Google literally has an official list of IP ranges for their crawlers, complete with an API that returns the current IP ranges that you can use to automate a check. Hardly a moving target, and even if it is, it doesn't matter if you know exactly where the target is at all times.

[–] aniki@lemm.ee 1 points 10 months ago

Same. I thought there would be more stuff happening in the background but when I saw it's just hijacking the google bot headers to display the html i was a bit disappointed it's so stupidly easy.

[–] thanksforallthefish@literature.cafe 18 points 10 months ago (1 children)

Https://1ft.io also seems to work and by the branding seems unrelated to 12ft

[–] cyclohexane@lemmy.ml 2 points 10 months ago* (last edited 10 months ago)

There's 4ft.io too.
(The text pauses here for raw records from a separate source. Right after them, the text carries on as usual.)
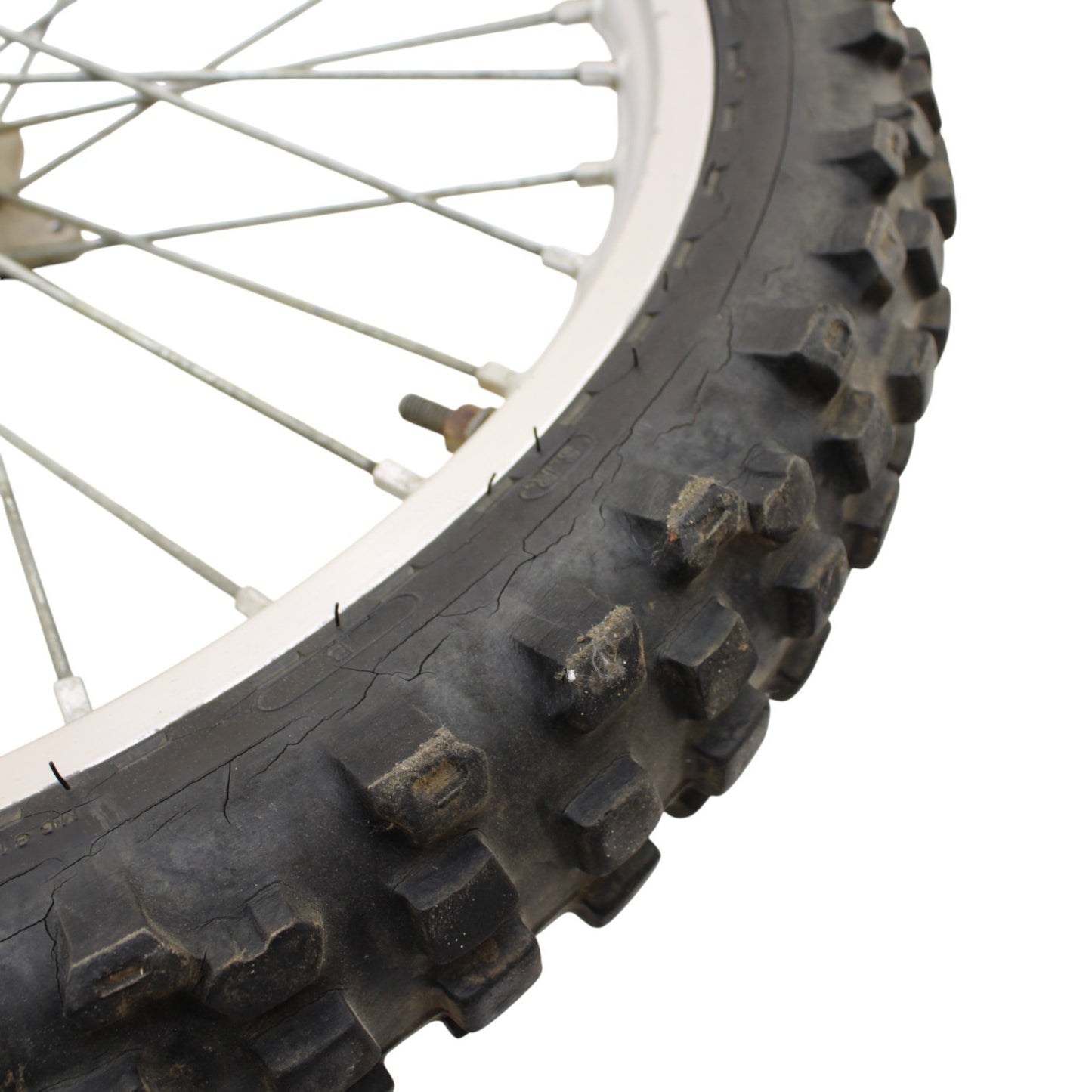 1986 - 1989 YAMAHA YZ125 YZ250 FRONT WHEEL RIM TIRE RUBBER SILVER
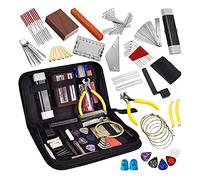 Flaroey Juego de Herramientas de ReparacióN de Kit de Mantenimiento de Guitarra de 77 Piezas con Bolsa de Mano Guitarra AcúStica, Guitarra EléCtrica, Instrumentos de Cuerda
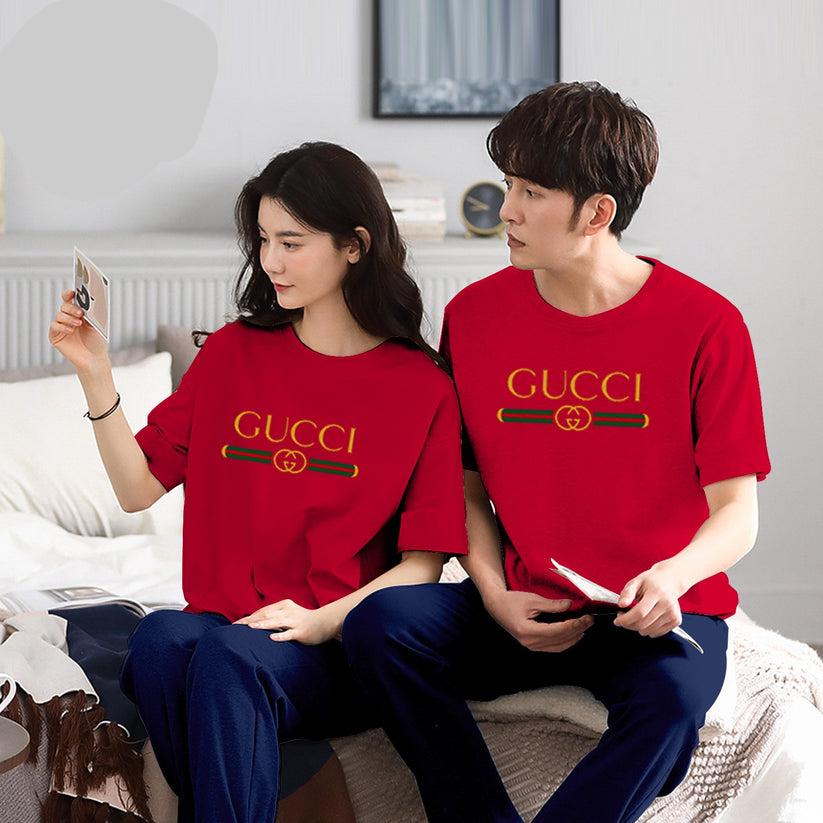 GUCCI Printed Couple Night Suit for Men and Women Pack of 2 ( 12 colours )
Oh nvm looks like it's gone.

[–] appel@lemmy.ml 17 points 10 months ago

If you're on Android and use Firefox, you can use the Disable JavaScript extension to disable JS on sites with paywalls, like NYtimes. While not perfect, it works remarkably well.
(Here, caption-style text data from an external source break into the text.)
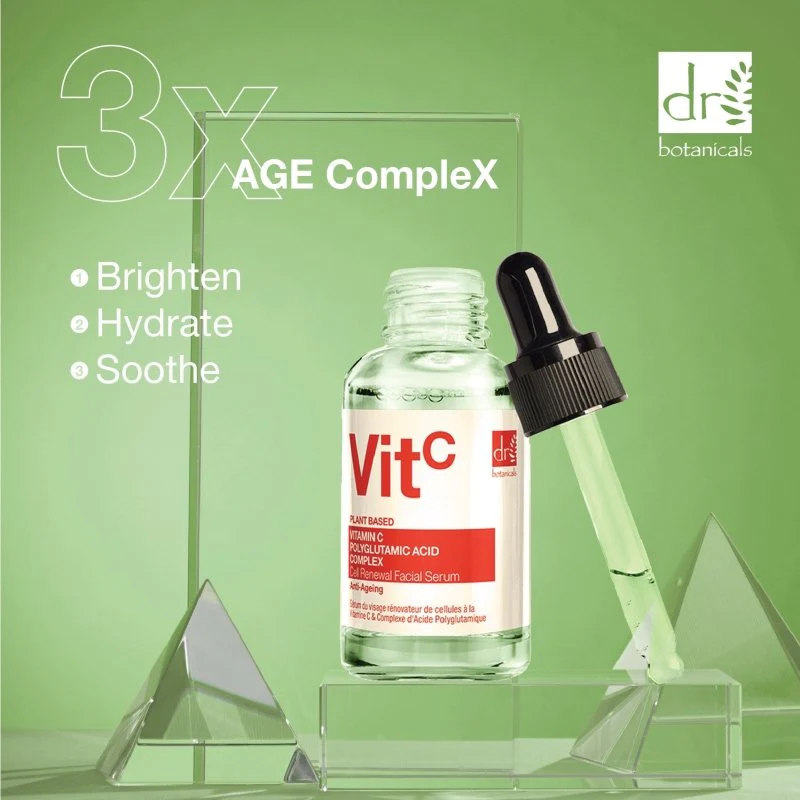 Dr Botanicals - Vitamin C 3% & Polyglutamic Acid Complex 1% & Brightening Facial Serum 30ml - Image 3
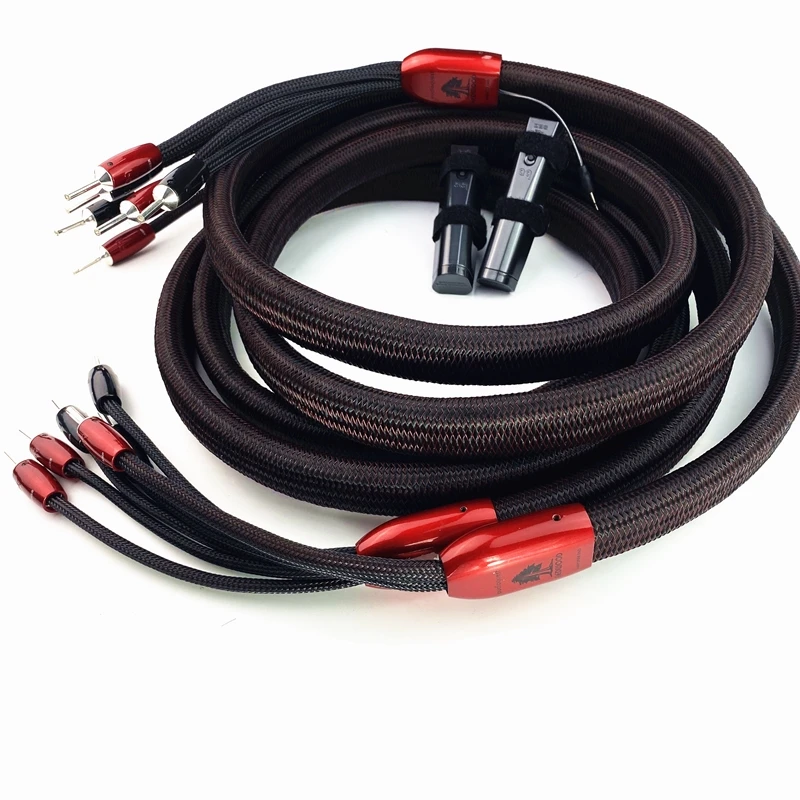 Oi-fim redwood cabo de alto-falante prata spade plug 72v dbs de alta fidelidade bifio cabos de áudio banana plug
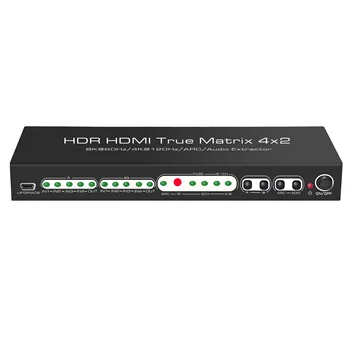 HDMI 2.1 Matricos 4x2 Splitter Switcher HDCP2.3 IR Nuotolinio Valdymo Audio Extractor 4K@120Hz 8K HDMI Jungiklis Splitter Matrica už PS5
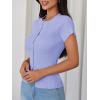 imageImily Bela Womens Short Sleeve Sweater Tops Summer Button Down Casual Ribbed Knit Slim Fit Cropped Cardigan ShirtsLight Purple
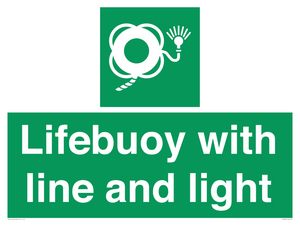 Lifebuoy with line and light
Also works great on Desktop.

[–] SeeJayEmm@lemmy.procrastinati.org 9 points 10 months ago* (last edited 10 months ago) (1 children)
[–] tootbrute@piefed.social 2 points 10 months ago

I use this, too! It's great but doesn't always work.

[–] CCMan1701A@startrek.website 4 points 10 months ago

Loaded the docker for fun on my NAS. I don't need it, but other users in my home may appreciate this.

[–] jadelord@discuss.tchncs.de 3 points 10 months ago

Seems like this can be done in the browser using a user agent switcher.

[–] knova@infosec.pub 2 points 10 months ago

Love it! Deployed it this morning.

[–] PlexSheep@feddit.de 1 points 10 months ago

So ist this an http proxy? I don't quite get it.